Based on Edith Wharton’s celebrated novel, it is set between 1905 and 1907 in New York in the upper echelons of society, and finds Lily Bart, niece to a rich aunt, trying to get into society by marrying a rich husband. She loves Lawrence Selden who loves her in turn, but she won’t marry him because he works, as a lawyer, and is not independently wealthy. She turns down various suitors, and then comes to regret it when she is falsely accused of an affair with a married man and ostracised by society, first becoming a paid companion to a social climbing woman wanting into society herself, then failing as a milliner’s apprentice before finally committing suicide when at the point of starvation.

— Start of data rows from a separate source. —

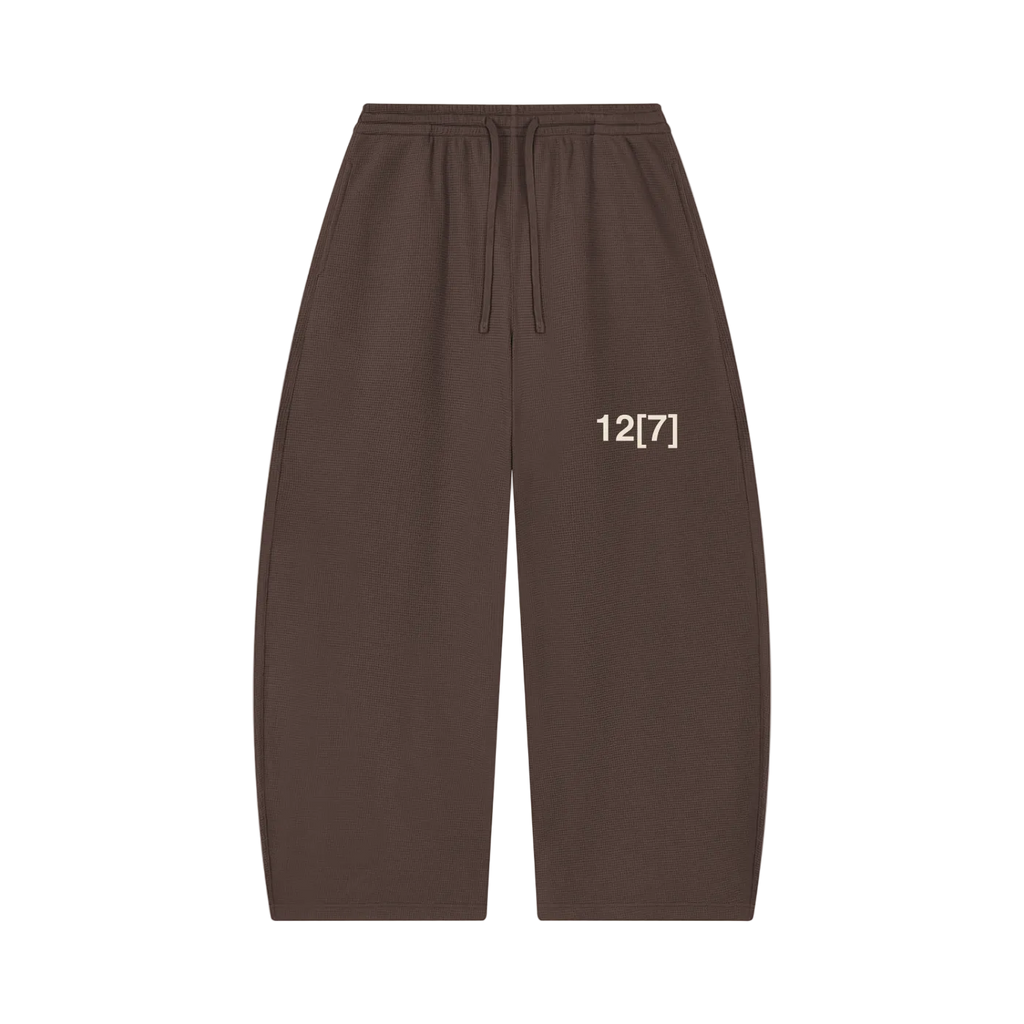 Waffle Barrel Pants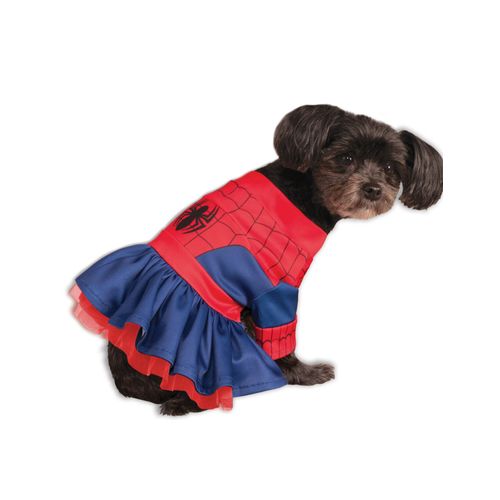 Déguisement Pour Chien Spider Girl Small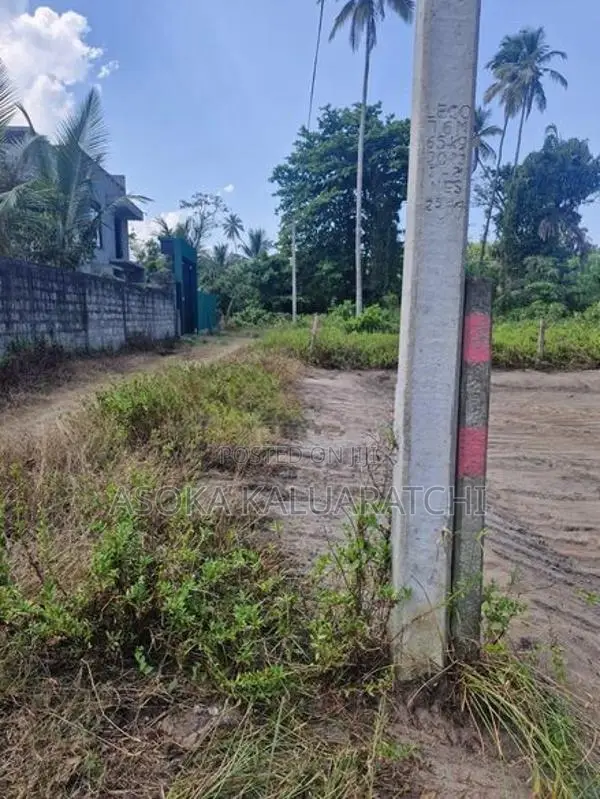 Land for Sale in Wadduwa Close to Galle Road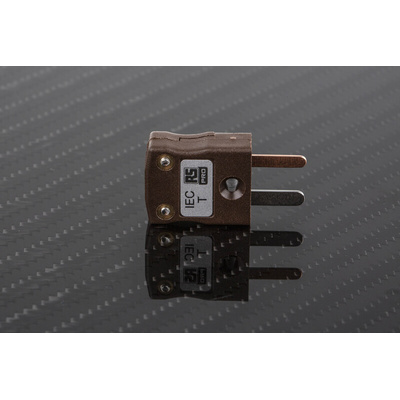 RS PRO In-Line Thermocouple Connector for Use with Type T Thermocouple, Miniature Size, IEC Standard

When one considers the budget put into recreating turn of the century New York in that other Wharton adaptation Scorsese’s The Age of Innocence, the fact that Davies manages to top it off such a fraction of the budget is a real testimony to his, and his location scout’s, skill. Scorsese was of course influenced by the opulence of Visconti’s films about the Italian aristocracy (The Leopard, L’Innocente), whereas Davies is a social filmmaker more interested in the class divide and the intricacies of life in a time and a place. The viewer really does believe we are in New York in the 1900s, and it’s almost incredible to comprehend that it was shot nearly entirely in and around Glasgow. That he managed to assemble such a magnificent trans-continental cast is also testament to his standing among his peers, and his command of that cast is beyond reproach. La Paglia, Kinney and McGovern are merely excellent, Aykroyd is magnificently hypocritical and there are two superb turns as vastly differing vipers in the heaving bosom of society from Laura Linney and Jodhi May. At its heart, however, it’s a tale of the heart, and of hearts kept under lock and key, trapped like the incriminating letters that would save Lily’s reputation but perhaps destroy her beloved’s. Stoltz certainly has never been better than as Selden, instantly making us forgive innumerable poor choices, his cynical smirk and fateful realism sitting perfectly atop his stiff collar. Anderson, meanwhile, is simply extraordinary in every sense of the word as the jeune fille non mariée. As in Bleak House a few years later, she does more acting with her eyes than many actresses can manage with a speech, putting as much inflection and emotion into the quivering hand rattling a cup in a saucer as her dialogue, and, in the fateful, tragic final act, entering and leaving rooms like a malnourished ghost who’s forgotten she has the ability to walk through walls and doesn’t need to open the door. Gorgeously shot, costumed, scripted and directed, and touched off with sublime use of old Wolfie on the soundtrack, this is every bit the masterpiece the likes of Peter Bradshaw and David Thomson proclaimed it. As Geoff Andrew observed, it’s a “triumph which puts most recent screen versions of the classics to shame.”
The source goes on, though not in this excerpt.